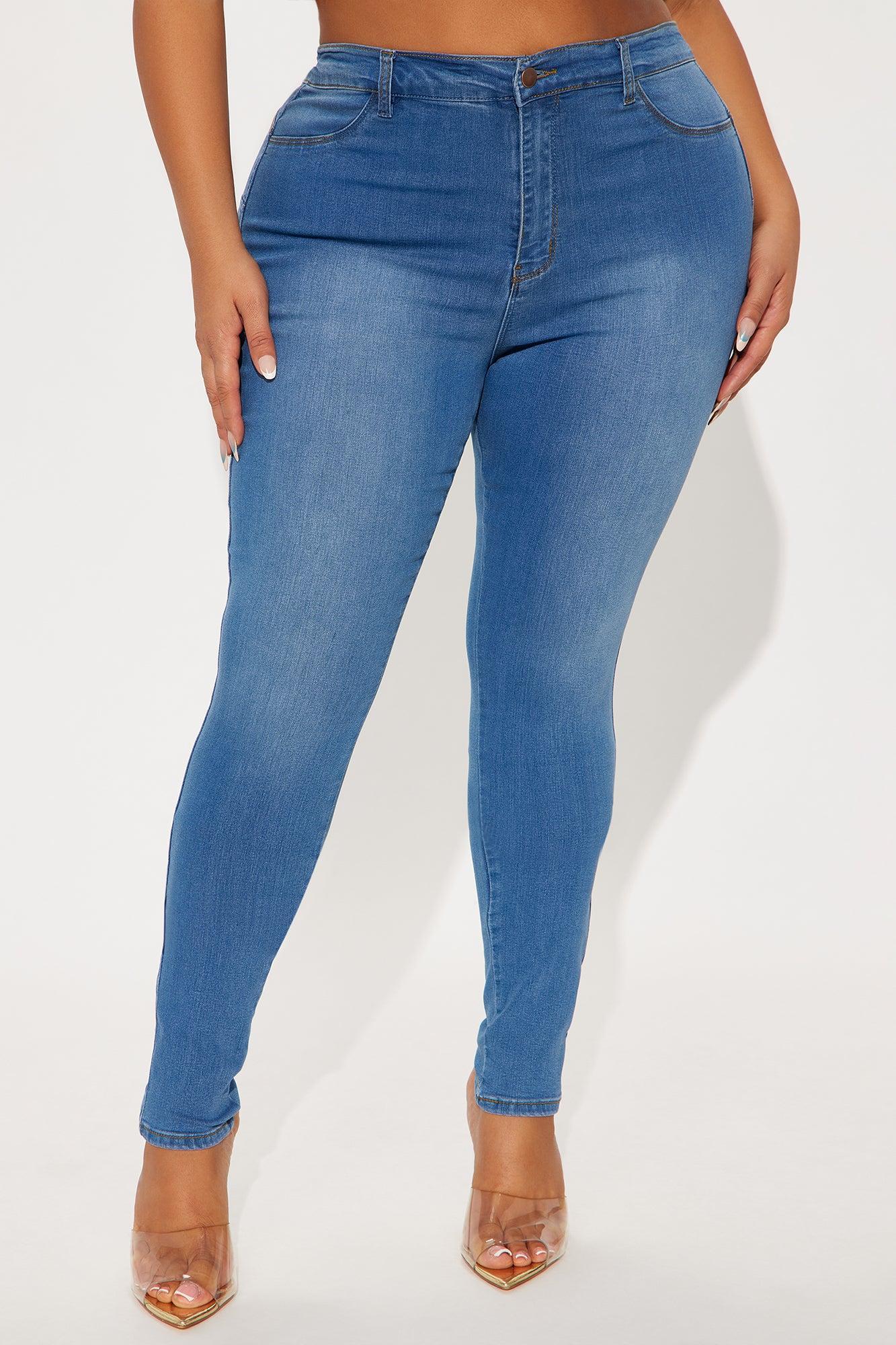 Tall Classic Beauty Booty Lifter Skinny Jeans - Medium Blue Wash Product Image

+---+

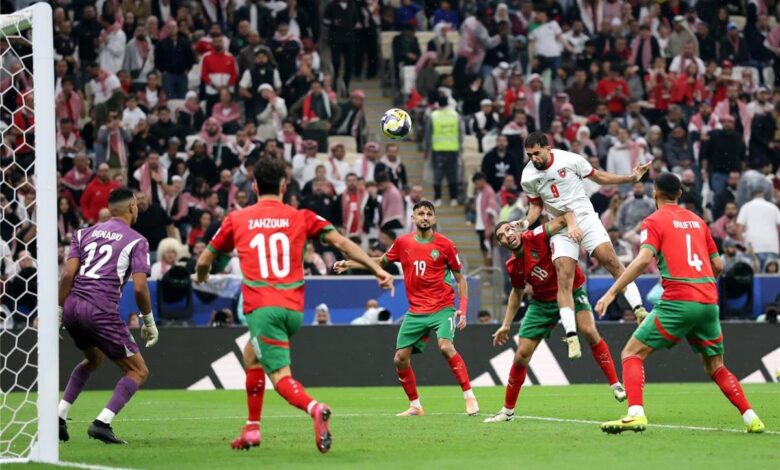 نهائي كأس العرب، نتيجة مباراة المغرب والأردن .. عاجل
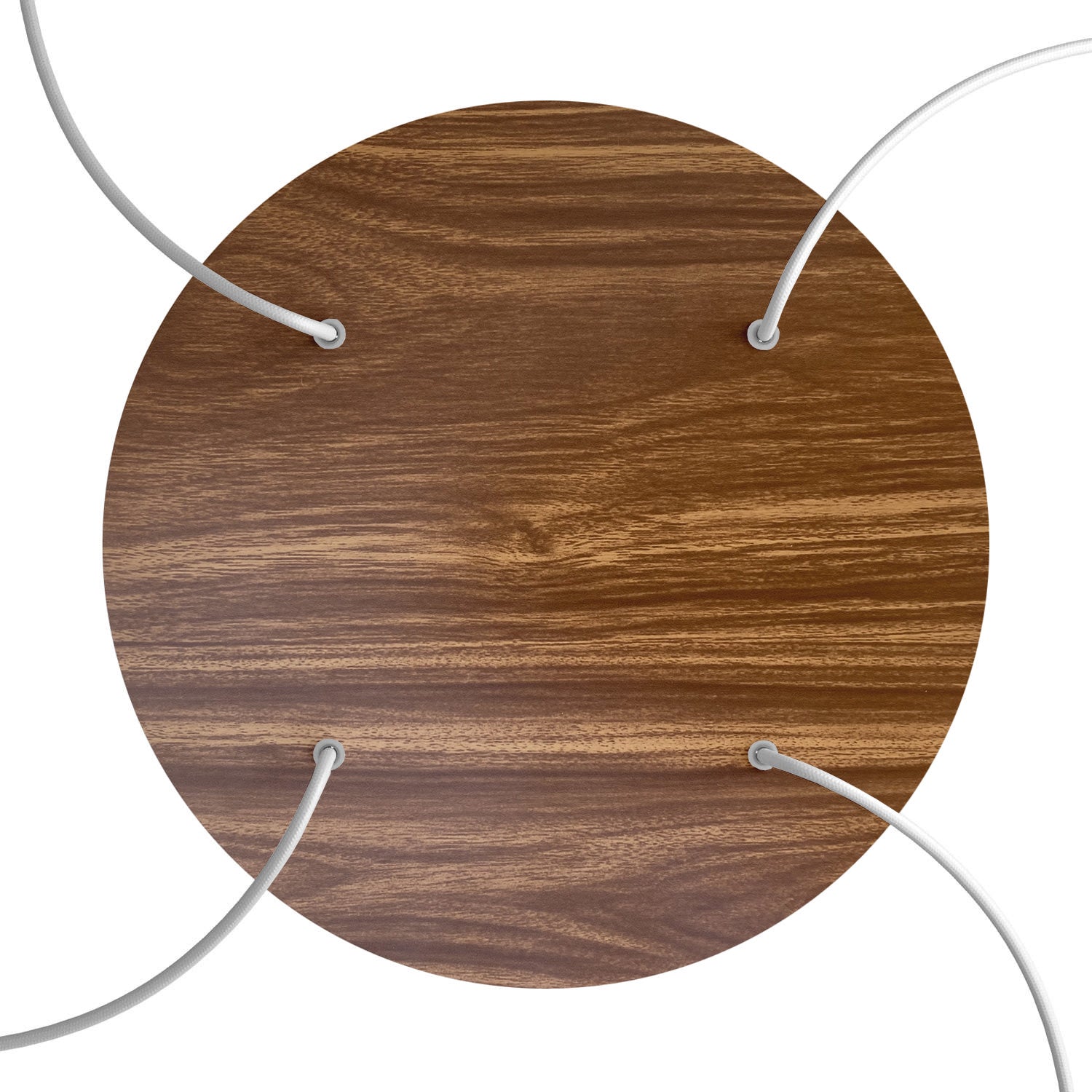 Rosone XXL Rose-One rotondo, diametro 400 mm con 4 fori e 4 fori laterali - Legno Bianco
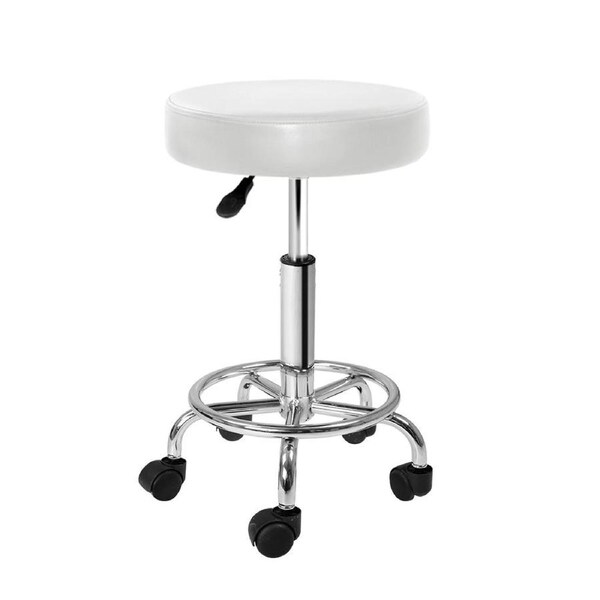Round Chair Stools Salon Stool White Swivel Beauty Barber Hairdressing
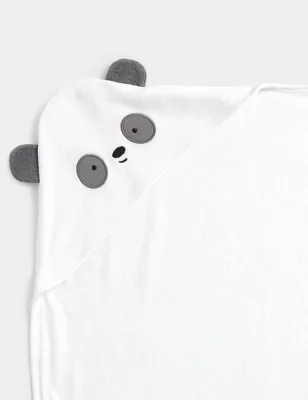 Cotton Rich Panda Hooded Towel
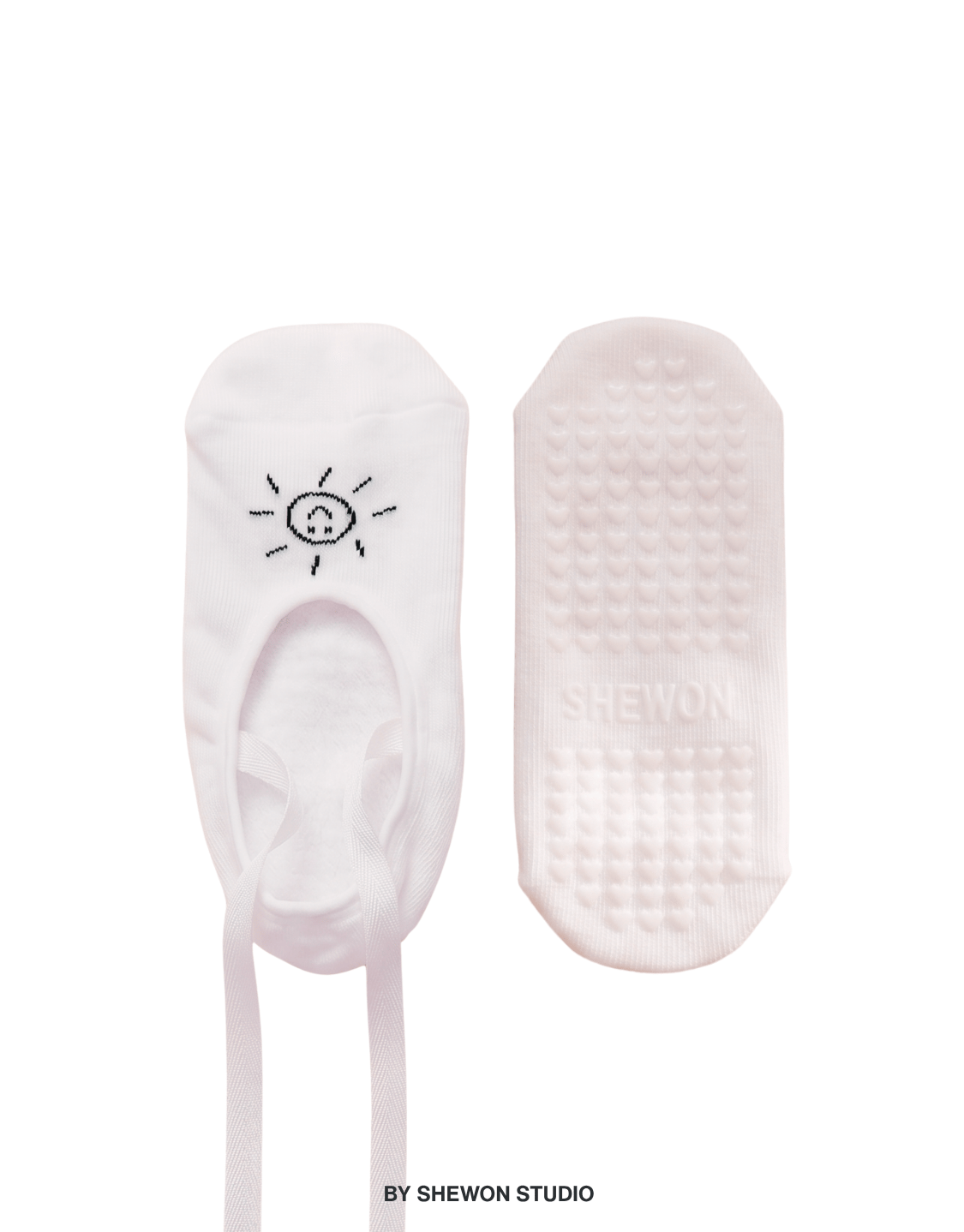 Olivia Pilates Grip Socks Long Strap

+---+

Exercise objective
Look above for the line with "نهائي كأس العرب،" and the line with "Cotton Rich Panda Hooded Towel". Output those two and everything between them exactly, pictures excluded.

Solution
 نهائي كأس العرب، نتيجة مباراة المغرب والأردن .. عاجل
 Rosone XXL Rose-One rotondo, diametro 400 mm con 4 fori e 4 fori laterali - Legno Bianco
Round Chair Stools Salon Stool White Swivel Beauty Barber Hairdressing
 Cotton Rich Panda Hooded Towel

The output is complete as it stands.